Exercise instructions
Only the pictures are to be dropped; the rest of the data below is to be duplicated exactly.

Supplied data
════════════════════

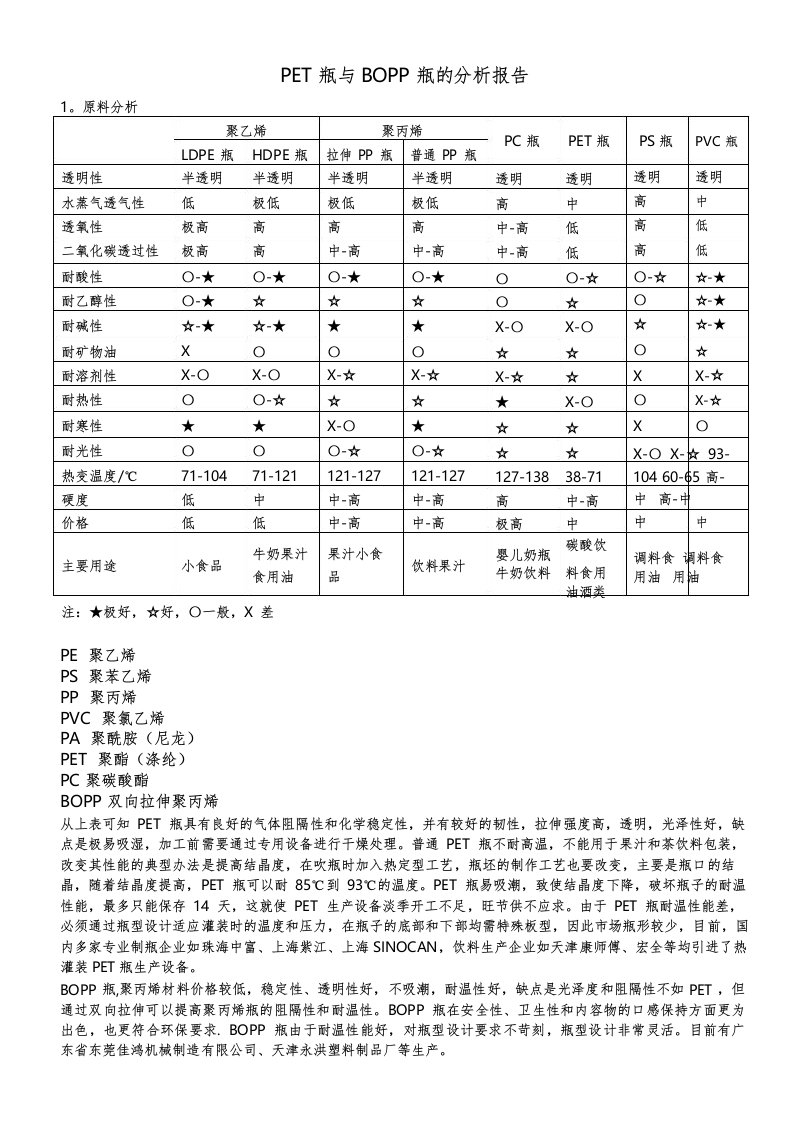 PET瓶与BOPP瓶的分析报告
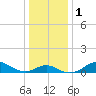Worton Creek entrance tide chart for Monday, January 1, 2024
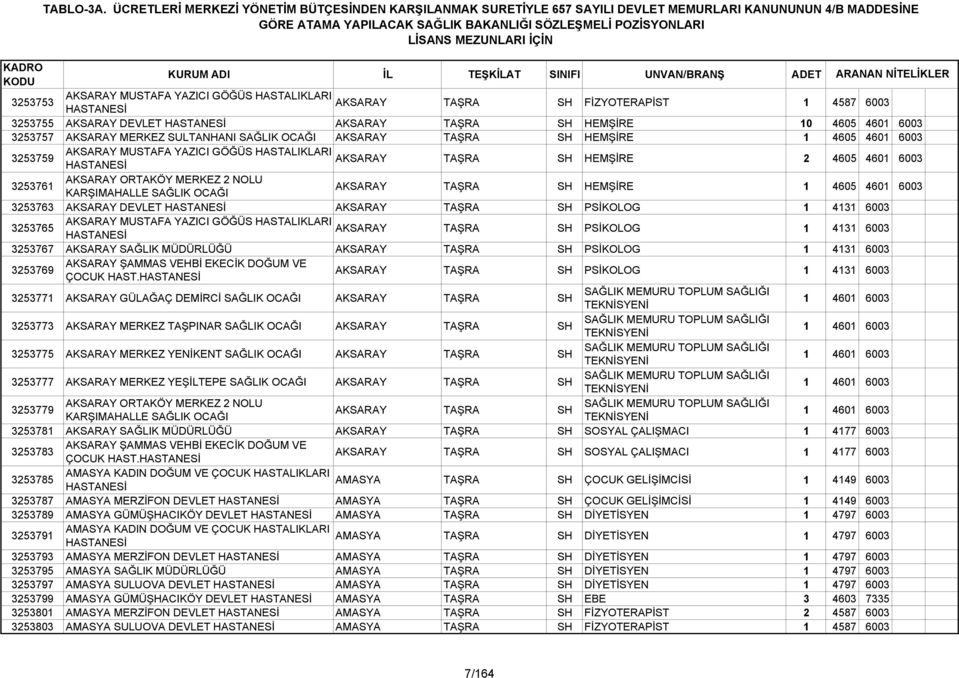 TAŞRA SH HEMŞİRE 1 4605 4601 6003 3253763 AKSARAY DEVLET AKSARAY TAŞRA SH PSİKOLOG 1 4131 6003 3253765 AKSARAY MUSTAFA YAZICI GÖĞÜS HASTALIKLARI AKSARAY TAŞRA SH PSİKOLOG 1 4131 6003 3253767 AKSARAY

════════════════════

Solution to this exercise
 PET瓶与BOPP瓶的分析报告
Worton Creek entrance tide chart for Monday, January 1, 2024
 TAŞRA SH HEMŞİRE 1 4605 4601 6003 3253763 AKSARAY DEVLET AKSARAY TAŞRA SH PSİKOLOG 1 4131 6003 3253765 AKSARAY MUSTAFA YAZICI GÖĞÜS HASTALIKLARI AKSARAY TAŞRA SH PSİKOLOG 1 4131 6003 3253767 AKSARAY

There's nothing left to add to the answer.